In particular, line 722 should use ZONE_IS_SHUTTING_DOWN rather than ZONE_IS_DOWN. Let's investigate this possibility.

As a zone is coming down, zone_shutdown is called at least once and zone_destroy is called once. At least one call to zone_shutdown will call zone_zsd_callbacks(zone, ZSD_SHUTDOWN) with zone_status >= ZONE_IS_SHUTTING_DOWN. So far so good.

Let's think about the purpose of the zsd_destroy and zsd_shutdown callbacks. They are generally there to clean up some kernel state that likely came from some userspace process doing something that caused some kernel state to be allocated.

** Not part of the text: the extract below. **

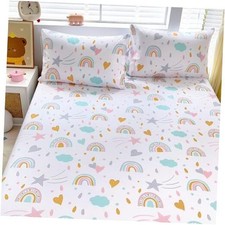 Sheet Set Kids - Sky Blue 4 Pieces Soft Microfiber Cartoon Style Queen Rainbow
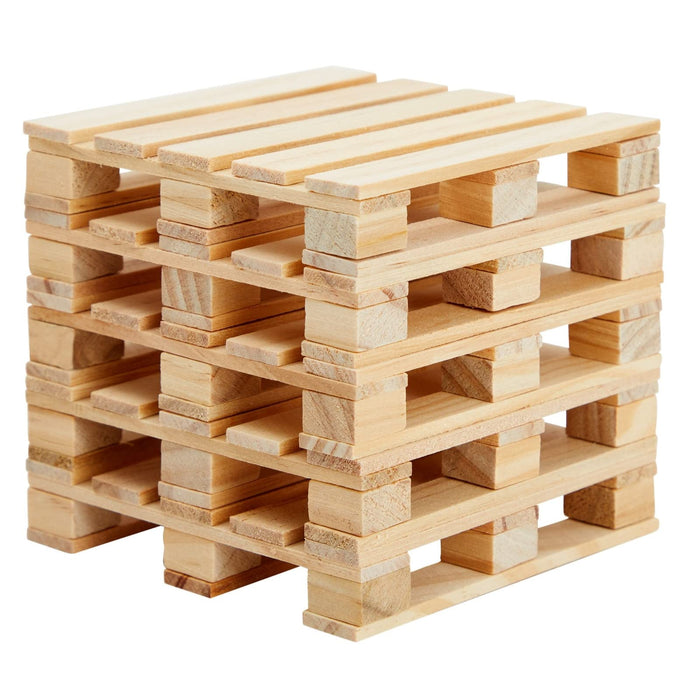 Juvale Wood Pallet Coasters - Pack of 6, 3.9 x 3.9 in, Brown - Square Wooden Drink Coasters for Hot & Cold Beverages - Novelty Mini Pallet Design for Home & Office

When the zone is at ZONE_IS_SHUTTING_DOWN, are we sure that there could be no new kernel state allocated?

During zone_shutdown, the state is set to at least ZONE_IS_SHUTTING_DOWN. While at ZONE_IS_SHUTTING_DOWN or greater, getproc() blocks new process creation. Likewise, zone_enter() will fail. Immediately after setting zone_shutdown ensures the state is ZONE_IS_SHUTTING_DOWN or greater, it drops some locks then calls killall().

There are other paths to zone_status_set(ZONE_IS_SHUTTING_DOWN). zone_kadmin() sets the state then makes a door call to zoneadmd which will perform a cleanup that includes zone_shutdown and zone_destroy. zone_shutdown_global is less complete: after setting the state, it calls killall() which will quickly nuke any zoneadmd that may be trying to perform cleanup. I think that's OK, as I don't see how any state that may exist could prevent the completion of the global zone halt or reboot.

I see a couple (unlikely) races that could be introduced by making the suggested change at line 722. They each involve some already running process that happens to make the right system call to perform some kernel state allocation between the time that the state is set to ZONE_STATE_SHUTTING_DOWN and the time that killall runs. This window is the longest when zone_kadmin() is involved.

Thus, the proper fix for this is to harden vmm_zsd_destroy() against the race that led to the panic.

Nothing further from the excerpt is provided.